Na prática, no entanto, conviver com todo o emaranhado de regras e custos envolvidos no planejamento de tributos explica porque muitos empresários brasileiros estão deixando esse tema em segundo plano nas suas estratégias de negócio. Isso porque, calcula-se que as companhias lidam hoje no País com cerca de 81 diferentes impostos, contribuições e taxas.

 De acordo com José Eduardo Toledo, consultor e advogado tributarista do escritório Mattos Filho, Veiga Filho, Marrey Junior e Quiroga Advogados, coordenar essa verdadeira miscelânea não facilita a regulamentação do pequeno empresário. A própria complexidade de regras, segundo ele, acaba afastando as companhias de menor porte de uma postura legal.

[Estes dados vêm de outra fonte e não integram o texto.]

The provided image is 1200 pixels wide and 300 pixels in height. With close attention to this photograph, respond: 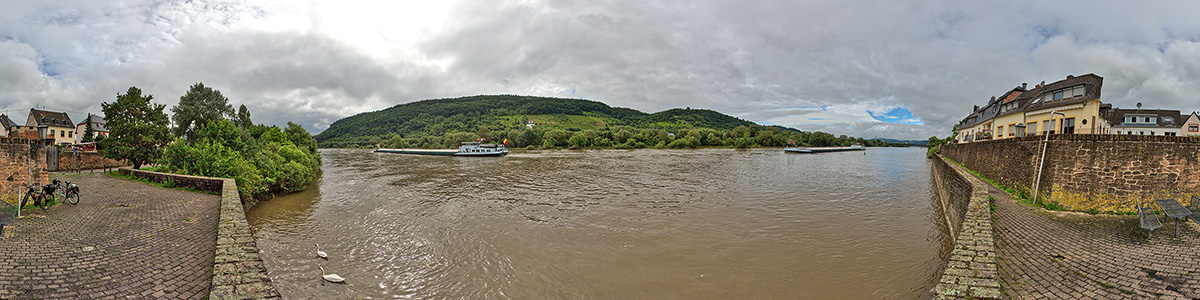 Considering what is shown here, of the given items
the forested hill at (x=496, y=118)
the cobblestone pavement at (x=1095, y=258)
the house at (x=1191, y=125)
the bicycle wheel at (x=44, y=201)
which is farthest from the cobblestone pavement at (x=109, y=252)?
the forested hill at (x=496, y=118)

A implementação do Simples Nacional, regime especial unificado de arrecadação de tributos e contribuições para microempresas e companhias de pequeno porte, considera o advogado, representa um avanço nesse cenário, na medida em que facilita a regularização dos negócios junto ao fisco.

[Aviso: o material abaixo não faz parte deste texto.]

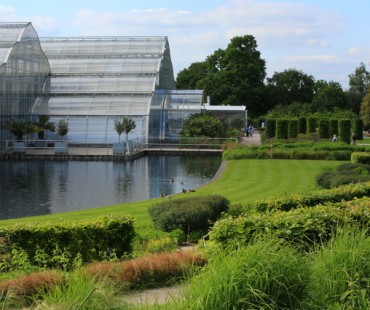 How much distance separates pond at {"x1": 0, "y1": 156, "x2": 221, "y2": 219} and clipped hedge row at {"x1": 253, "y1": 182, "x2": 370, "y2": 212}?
32.3 ft

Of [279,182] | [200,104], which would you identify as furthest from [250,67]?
[279,182]

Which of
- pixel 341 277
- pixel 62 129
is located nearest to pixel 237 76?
pixel 62 129

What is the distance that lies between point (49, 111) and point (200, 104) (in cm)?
1331

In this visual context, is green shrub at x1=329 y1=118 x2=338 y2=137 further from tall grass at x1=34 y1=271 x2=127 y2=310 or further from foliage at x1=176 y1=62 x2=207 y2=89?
tall grass at x1=34 y1=271 x2=127 y2=310

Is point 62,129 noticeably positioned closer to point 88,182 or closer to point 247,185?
point 88,182

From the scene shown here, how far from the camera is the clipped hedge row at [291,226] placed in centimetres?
735

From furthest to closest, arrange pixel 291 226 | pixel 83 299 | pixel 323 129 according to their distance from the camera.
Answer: pixel 323 129 < pixel 291 226 < pixel 83 299

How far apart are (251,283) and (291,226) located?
2805 millimetres

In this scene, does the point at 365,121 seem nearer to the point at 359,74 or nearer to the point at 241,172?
the point at 359,74

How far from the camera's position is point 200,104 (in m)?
Answer: 55.0

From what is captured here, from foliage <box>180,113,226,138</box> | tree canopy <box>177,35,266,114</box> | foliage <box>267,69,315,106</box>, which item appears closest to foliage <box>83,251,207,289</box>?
foliage <box>180,113,226,138</box>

Outro fator favorável à adoção de um planejamento tributário das empresas brasileiras é a regra da MP do Bem (Medida Provisória 252/2005) – que prevê a isenção de PIS e Confins para computadores, servidores e impressoras vendidos por até R$ 4 mil –, na qual as companhias optantes pelo Lucro Real como base de cálculo para o Imposto de Renda podem transformar em créditos os tributos que seriam devidos ao governo pela comercialização dos equipamentos enquadrados no benefício.

De acordo com Humberto José Henrique, contador do escritório Herilegis, no Paraná, as transações utilizando os incentivos da MP do Bem podem representar uma economia de até 14% em carga tributária para revendas. Um benefício que levou a distribuidora Aldo, sediada em Maringá (PR), a levantar a bandeira da transformação do Lucro Presumido em Real entre seus mais de 7 mil parceiros.
Implementado há cerca de um ano, o modelo criado pela distribuidora prevê a disseminação de um programa educacional voltado a levar conhecimentos tributários às revendas.